RECORDS FOR THE EXERCISE below:
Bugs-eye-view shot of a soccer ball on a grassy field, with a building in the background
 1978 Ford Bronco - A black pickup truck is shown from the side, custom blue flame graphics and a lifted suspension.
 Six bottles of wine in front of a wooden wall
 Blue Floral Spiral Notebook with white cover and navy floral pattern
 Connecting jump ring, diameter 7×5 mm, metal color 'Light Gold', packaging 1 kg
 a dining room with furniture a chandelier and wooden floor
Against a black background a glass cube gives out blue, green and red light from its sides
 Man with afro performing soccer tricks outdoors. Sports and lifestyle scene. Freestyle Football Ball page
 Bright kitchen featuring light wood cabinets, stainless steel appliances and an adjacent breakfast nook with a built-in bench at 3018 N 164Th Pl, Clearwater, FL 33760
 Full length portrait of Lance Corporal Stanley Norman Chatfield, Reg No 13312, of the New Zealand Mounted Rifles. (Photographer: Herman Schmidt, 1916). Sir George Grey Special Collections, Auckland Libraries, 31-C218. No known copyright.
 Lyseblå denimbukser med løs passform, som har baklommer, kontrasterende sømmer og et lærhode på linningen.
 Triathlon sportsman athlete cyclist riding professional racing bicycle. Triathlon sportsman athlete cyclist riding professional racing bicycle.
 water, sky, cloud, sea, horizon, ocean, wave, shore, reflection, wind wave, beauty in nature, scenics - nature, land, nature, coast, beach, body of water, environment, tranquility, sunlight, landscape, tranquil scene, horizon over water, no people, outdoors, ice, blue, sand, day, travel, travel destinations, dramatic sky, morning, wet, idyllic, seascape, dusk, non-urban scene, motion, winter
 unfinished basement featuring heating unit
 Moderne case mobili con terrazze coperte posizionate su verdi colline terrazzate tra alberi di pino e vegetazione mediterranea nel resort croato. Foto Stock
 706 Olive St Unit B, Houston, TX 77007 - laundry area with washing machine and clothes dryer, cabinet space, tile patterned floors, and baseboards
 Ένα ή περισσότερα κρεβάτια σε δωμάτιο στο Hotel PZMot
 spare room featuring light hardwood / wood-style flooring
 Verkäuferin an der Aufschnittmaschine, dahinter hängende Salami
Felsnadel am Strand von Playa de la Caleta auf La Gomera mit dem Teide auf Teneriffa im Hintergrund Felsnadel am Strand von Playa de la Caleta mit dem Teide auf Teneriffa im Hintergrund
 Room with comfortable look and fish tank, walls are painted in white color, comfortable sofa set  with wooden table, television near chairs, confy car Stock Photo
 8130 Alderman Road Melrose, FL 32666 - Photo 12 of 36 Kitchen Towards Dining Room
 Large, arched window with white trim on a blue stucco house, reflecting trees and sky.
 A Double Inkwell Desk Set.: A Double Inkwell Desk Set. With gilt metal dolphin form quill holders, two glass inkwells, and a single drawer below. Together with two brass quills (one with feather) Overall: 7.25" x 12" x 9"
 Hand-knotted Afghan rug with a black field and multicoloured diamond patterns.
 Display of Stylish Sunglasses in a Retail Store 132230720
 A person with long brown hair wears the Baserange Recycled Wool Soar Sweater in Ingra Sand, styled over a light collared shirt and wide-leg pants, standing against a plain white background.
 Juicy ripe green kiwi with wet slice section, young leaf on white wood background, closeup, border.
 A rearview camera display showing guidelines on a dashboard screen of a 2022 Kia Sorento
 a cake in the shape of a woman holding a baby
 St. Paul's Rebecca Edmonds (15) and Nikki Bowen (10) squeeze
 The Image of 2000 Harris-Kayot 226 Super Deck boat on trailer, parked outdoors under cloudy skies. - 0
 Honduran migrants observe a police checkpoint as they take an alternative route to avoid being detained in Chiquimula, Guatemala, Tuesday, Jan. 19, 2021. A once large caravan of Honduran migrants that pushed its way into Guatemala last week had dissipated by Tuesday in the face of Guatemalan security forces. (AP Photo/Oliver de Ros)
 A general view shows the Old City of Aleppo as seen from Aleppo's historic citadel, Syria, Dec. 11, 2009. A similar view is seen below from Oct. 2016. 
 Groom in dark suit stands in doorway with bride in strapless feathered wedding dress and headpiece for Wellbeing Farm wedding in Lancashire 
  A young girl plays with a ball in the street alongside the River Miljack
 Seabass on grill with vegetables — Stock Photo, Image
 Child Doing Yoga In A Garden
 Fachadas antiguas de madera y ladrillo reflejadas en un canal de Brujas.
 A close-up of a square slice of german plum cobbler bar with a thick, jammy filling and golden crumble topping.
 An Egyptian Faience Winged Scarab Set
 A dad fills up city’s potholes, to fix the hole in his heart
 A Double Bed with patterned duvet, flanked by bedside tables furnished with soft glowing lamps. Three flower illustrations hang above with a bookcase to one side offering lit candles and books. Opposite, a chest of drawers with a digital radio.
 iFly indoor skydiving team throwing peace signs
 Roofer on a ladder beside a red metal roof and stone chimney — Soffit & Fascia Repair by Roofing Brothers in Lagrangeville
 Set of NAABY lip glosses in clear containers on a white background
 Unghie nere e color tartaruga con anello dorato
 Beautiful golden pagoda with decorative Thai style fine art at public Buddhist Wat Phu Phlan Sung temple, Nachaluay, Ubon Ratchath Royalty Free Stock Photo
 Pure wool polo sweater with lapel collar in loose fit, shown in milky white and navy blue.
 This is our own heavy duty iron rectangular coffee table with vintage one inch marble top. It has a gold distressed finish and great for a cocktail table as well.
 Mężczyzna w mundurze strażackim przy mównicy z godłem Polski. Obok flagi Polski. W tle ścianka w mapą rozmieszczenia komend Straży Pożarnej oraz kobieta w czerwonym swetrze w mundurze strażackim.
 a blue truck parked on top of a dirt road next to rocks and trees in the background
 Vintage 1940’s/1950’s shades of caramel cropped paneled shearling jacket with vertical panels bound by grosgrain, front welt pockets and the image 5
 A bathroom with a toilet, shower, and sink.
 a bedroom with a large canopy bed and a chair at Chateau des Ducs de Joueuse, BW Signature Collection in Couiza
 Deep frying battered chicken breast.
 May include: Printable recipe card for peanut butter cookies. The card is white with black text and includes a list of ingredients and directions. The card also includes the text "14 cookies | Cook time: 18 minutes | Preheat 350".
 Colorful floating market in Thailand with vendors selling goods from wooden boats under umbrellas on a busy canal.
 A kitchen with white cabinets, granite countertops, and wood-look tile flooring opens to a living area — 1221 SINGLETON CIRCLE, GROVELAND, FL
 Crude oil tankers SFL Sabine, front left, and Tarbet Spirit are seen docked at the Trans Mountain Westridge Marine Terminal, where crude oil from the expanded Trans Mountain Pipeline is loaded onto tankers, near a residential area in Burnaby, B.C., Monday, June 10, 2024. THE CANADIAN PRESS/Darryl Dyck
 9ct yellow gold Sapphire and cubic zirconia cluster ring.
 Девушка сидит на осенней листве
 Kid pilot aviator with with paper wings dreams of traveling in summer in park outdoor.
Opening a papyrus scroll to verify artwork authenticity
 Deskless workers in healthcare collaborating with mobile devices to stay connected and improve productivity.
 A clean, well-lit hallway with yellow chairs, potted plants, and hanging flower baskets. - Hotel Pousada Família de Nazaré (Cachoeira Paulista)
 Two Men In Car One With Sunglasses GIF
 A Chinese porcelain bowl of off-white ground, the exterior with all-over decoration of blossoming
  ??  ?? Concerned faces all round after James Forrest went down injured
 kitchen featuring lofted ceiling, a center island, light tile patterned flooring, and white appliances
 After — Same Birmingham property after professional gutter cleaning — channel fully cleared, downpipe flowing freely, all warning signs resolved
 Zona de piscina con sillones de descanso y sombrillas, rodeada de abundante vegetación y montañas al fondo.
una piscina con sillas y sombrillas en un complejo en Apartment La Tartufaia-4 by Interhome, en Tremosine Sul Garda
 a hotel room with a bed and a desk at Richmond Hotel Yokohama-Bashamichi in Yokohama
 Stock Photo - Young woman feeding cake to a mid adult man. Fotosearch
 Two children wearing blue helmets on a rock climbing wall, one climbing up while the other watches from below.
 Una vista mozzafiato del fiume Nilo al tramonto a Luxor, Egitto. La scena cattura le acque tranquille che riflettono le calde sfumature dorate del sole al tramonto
End of RECORDS FOR THE EXERCISE.
From the data above, reproduce word for word the lines running from the line with "9ct yellow gold" to the line with "Opening a papyrus", ends included.

**COMPLETED EXERCISE**
 9ct yellow gold Sapphire and cubic zirconia cluster ring.
 Девушка сидит на осенней листве
 Kid pilot aviator with with paper wings dreams of traveling in summer in park outdoor.
Opening a papyrus scroll to verify artwork authenticity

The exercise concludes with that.